Multiple Linear Regression

Luke

Introduction to Multiple Linear Regression

\(y_i = \beta_0 + \beta_1 x_{i1} + \beta_2 x_{i2} + \ldots + \beta_k x_{ik} + \epsilon_i\)
Assumptions:
- \(\epsilon_i \sim N(0, \sigma^2)\), \(Cov(\epsilon_i, \epsilon_j) = 0\)
- Strict: \(\epsilon_i \overset{i.i.d.}{\sim} N(0, \sigma^2)\)

Matrix form

In matrix notation we write:
- \[\begin{bmatrix} y_1 \\ y_2 \\ \vdots \\ y_n \end{bmatrix} = \begin{bmatrix} 1 & x_{11} & x_{12} & \ldots & x_{1k} \\ 1 & x_{21} & x_{22} & \ldots & x_{2k} \\ \vdots & \vdots & \vdots & \ddots & \vdots \\ 1 & x_{n1} & x_{n2} & \ldots & x_{nk} \end{bmatrix} \cdot \begin{bmatrix} \beta_0 \\ \beta_1 \\ \vdots \\ \beta_k \end{bmatrix} + \begin{bmatrix} \epsilon_1 \\ \epsilon_2 \\ \vdots \\ \epsilon_n \end{bmatrix}\]
Or in short (with dimension): \(\mathbf{y}_{n \times 1} = \mathbf{X}_{n \times (k+1)}\mathbf{\beta}_{(k+1) \times 1} + \mathbf{\epsilon}_{n \times 1}\)
alternatively, just: \(\mathbf{y} = \mathbf{X}\mathbf{\beta} + \mathbf{\epsilon}\)

Some properties

\(E(\mathbf{\epsilon}) = \mathbf{0}\)
\(Var(\mathbf{\epsilon}) = \sigma^2\mathbf{I}\)
Under standard and strict assumptions the random vector \(\mathbf{y}\) has expectation \(E(\mathbf{y}) = \mathbf{X}\mathbf{\beta}\) and variance \(Var(\mathbf{y}) = \sigma^2\mathbf{I}\)

Quick review of matrix algebra

Let \(\mathbf{A}\) be a \(k \times k\) matrix.

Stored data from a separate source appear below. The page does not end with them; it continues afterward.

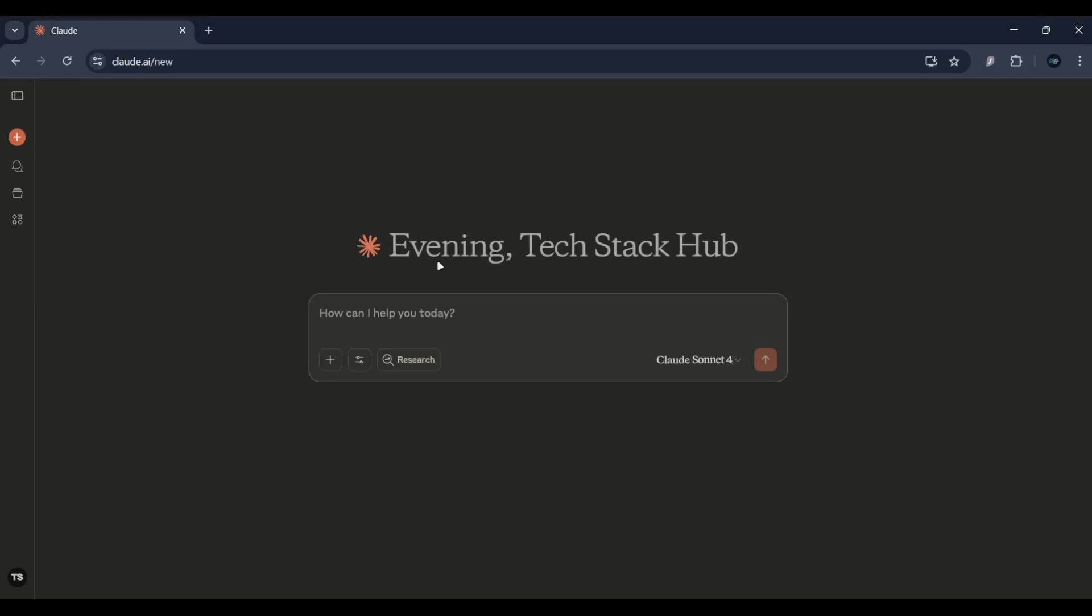Claude AI is an advanced AI assistant by Anthropic, kind of like ChatGPT, but super helpful for creative projects like storytelling, world building, and even game development.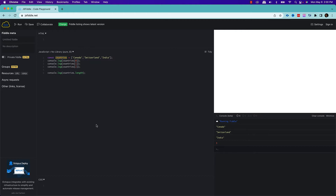To give you a definition: an array will be considered a dense array when it has elements in each index of the array starting from 0 till length minus 1. So if the length is 3, then 3 minus 1 is 2. Starting from index 0 to 2, if each index has some value, then it is called a dense array.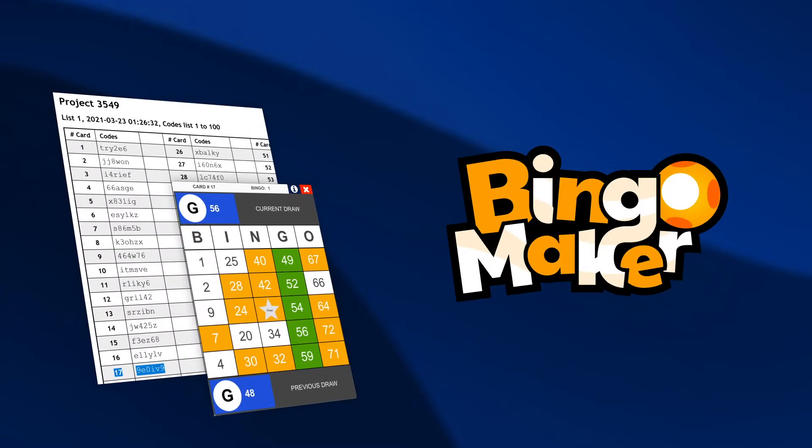Hi, this tutorial explains how to host virtual bingo games using the Codes List feature.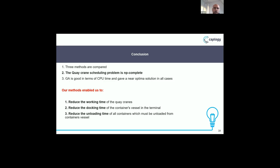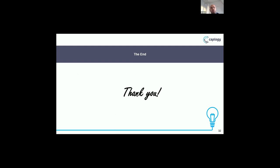In conclusion, we compared three methods: two exact methods and one meta-heuristic. We proved that the genetic algorithm is efficient in terms of CPU time and gives a near-optimal solution in all cases. We proved that the K-crane scheduling problem is NP-complete. Our methods enable us to reduce the working time of the K-crane, reduce the docking time of the container vessel in the terminal, and reduce the unloading time of all containers from the container vessel. Thank you — if you have any questions.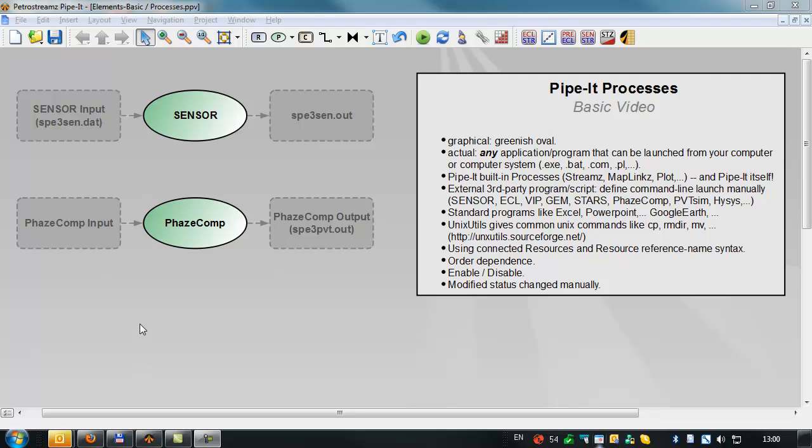Hi, my name is Curtis Woodson and we're going to have a basic video about the PIPET processes.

The inverse of \(\mathbf{A}\), denoted by \(\mathbf{A}^{-1}\), is another \(k \times k\) matrix such that \(\mathbf{A}^{-1}\mathbf{A} = \mathbf{A}\mathbf{A}^{-1} = \mathbf{I}\)
Let \(\mathbf{A}\) be a \(n \times k\) matrix. The transpose of \(\mathbf{A}\), denoted by \(\mathbf{A}^T\), is a \(k \times n\) matrix, whose columns are the rows of \(\mathbf{A}\), vice versa.
If \(\mathbf{A}\) is a \(n \times m\) matrix and \(\mathbf{B}\) is a \(m \times p\) matrix, then \((\mathbf{A}\mathbf{B})^T\) = \(\mathbf{B}^T\mathbf{A}^T\)

Quick review of matrix algebra (cont.)

Let \(\mathbf{A}\) be a \(k \times k\) matrix
- \(\mathbf{A}\) is symmetric if \(\mathbf{A} = \mathbf{A}^T\)
- \(\mathbf{A}\) is idempotent if \(\mathbf{A}^2 = \mathbf{A}\)
- \(\mathbf{A}\) is orthonormal if \(\mathbf{A}^T\mathbf{A} = \mathbf{I}\)
Let \(\mathbf{y}\) be a \(k \times 1\) vector. The expression: \[\mathbf{y}^T\mathbf{A}\mathbf{y} = \sum_{i=1}^k\sum_{j=1}^k \mathbf{y}_i \cdot \mathbf{A[ij]} \cdot \mathbf{y}_j\] is called a quadratic form. In this case, \(\mathbf{A}\) is the matrix of the quadratic form.

Matrix derivatives

Let \(\mathbf{A}\) be a \(k \times k\) matrix, \(\mathbf{a}\) be a \(k \times 1\) vector, and \(\mathbf{y}\) be a \(k \times 1\) vector of variables.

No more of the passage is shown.